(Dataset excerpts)

┏━━

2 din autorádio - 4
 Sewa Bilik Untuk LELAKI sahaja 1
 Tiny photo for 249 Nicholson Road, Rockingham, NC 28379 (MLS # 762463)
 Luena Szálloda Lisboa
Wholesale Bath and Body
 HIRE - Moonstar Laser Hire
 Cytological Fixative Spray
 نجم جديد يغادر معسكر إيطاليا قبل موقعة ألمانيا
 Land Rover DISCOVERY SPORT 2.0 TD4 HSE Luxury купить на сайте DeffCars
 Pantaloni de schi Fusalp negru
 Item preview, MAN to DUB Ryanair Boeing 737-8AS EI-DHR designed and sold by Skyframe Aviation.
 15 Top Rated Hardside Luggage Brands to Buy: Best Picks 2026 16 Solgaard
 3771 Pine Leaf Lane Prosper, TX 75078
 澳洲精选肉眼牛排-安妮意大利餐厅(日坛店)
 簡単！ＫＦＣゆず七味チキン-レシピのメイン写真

┗━━

TASK REQUIREMENTS >>
Starting from the first line above, copy the data through to the last line exactly.

REPLY TO THE TASK >>
2 din autorádio - 4
 Sewa Bilik Untuk LELAKI sahaja 1
 Tiny photo for 249 Nicholson Road, Rockingham, NC 28379 (MLS # 762463)
 Luena Szálloda Lisboa
Wholesale Bath and Body
 HIRE - Moonstar Laser Hire
 Cytological Fixative Spray
 نجم جديد يغادر معسكر إيطاليا قبل موقعة ألمانيا
 Land Rover DISCOVERY SPORT 2.0 TD4 HSE Luxury купить на сайте DeffCars
 Pantaloni de schi Fusalp negru
 Item preview, MAN to DUB Ryanair Boeing 737-8AS EI-DHR designed and sold by Skyframe Aviation.
 15 Top Rated Hardside Luggage Brands to Buy: Best Picks 2026 16 Solgaard
 3771 Pine Leaf Lane Prosper, TX 75078
 澳洲精选肉眼牛排-安妮意大利餐厅(日坛店)
 簡単！ＫＦＣゆず七味チキン-レシピのメイン写真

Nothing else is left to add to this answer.